With constituents on opposite sides of the regulatory debate hitting Capitol Hill with power lobbyists, congress is now weighing in on the issue with rumblings of new bills to clarify the FCC’s responsibilities. A democratic congress could assure that laws are enacted to give the FCC its due course in reining in a perceived Wild-Wild West Show the Internet has provided by solidifying an upfront regulatory environment.

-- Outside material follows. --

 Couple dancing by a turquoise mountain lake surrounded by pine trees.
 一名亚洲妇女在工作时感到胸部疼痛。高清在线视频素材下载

Whether this will dampen investment in the very technology that could create and sustain new jobs should weigh in on every lawmaker in Washington, D.C. It could also run counterproductive to the President’s already lagging approval ratings if new jobs are not both a clear and near term focus. What does the economy need: a determined focus on job creation and job sustainability? Let us not forget that market investment, not regulation, creates and sustains new jobs.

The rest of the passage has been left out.